The determination of functional amino acid residues for F TraI relaxase activity and specificity

TraI is an essential protein for bacterial conjugation, a process whereby a plasmid directs its transfer from a donor to a recipient bacterium. The TraI proteins from the plasmids F and R100 have two functions, a single-stranded DNA endonuclease (or “relaxase”) activity and a helicase activity. Based on limited proteolysis experiments of F TraI, constructs that encode the relaxase domains from the two TraI homologues (TraI36) were generated. Two mutagenesis-based strategies were undertaken to identify functionally important amino acid residues of the F TraI relaxase domain. The first strategy was alanine scanning mutagenesis to determine the importance of thirteen amino acids conserved among F-like relaxases.

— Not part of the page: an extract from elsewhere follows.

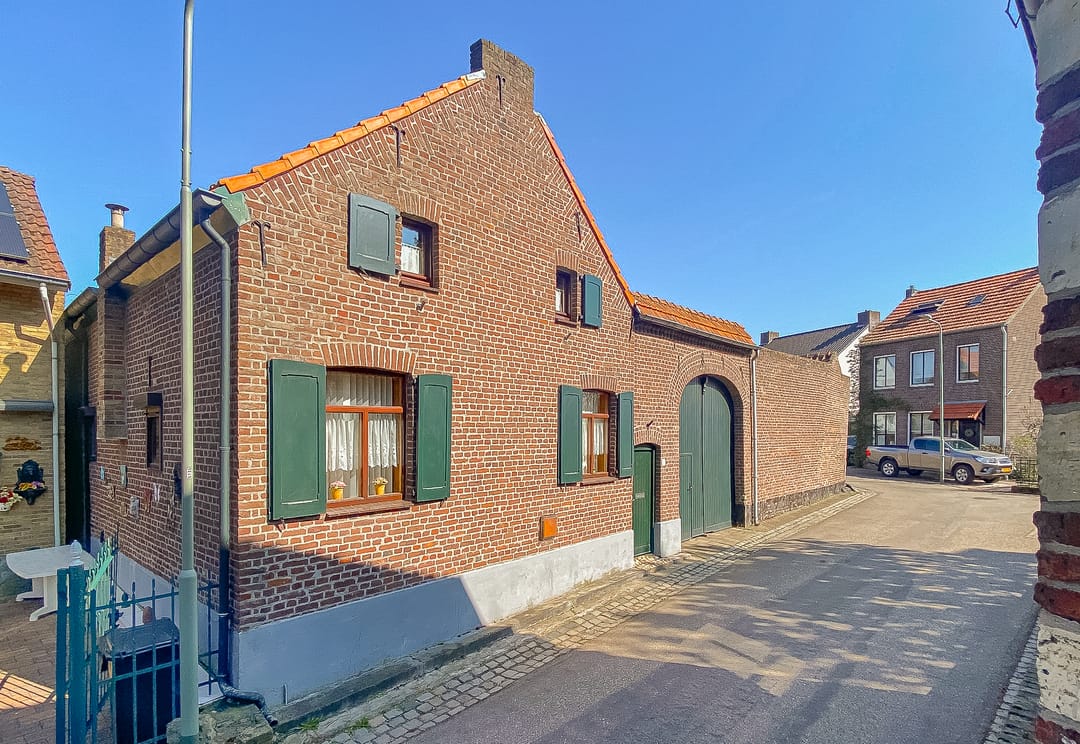 Foto 1 van Kapelbergweg 5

Several amino acids have been identified that are involved in binding to the plasmid origin of transfer, and two histidines have been identified as participants in the ssDNA cleavage reaction. The second strategy was aimed at identifying the residues of F and R100 TraI36, which are 91% identical in primary sequence, that are responsible for the two-base difference in the DNA binding specificity of these two homologues. Amino acids 193 and 201 were identified as the major specificity determinants of the differential ssDNA binding and cleavage activities of F and R100 TraI36. The studies presented in this dissertation increase our understanding of protein-ssDNA binding interactions and specificities, and form the beginning of an active site map for the F TraI relaxase.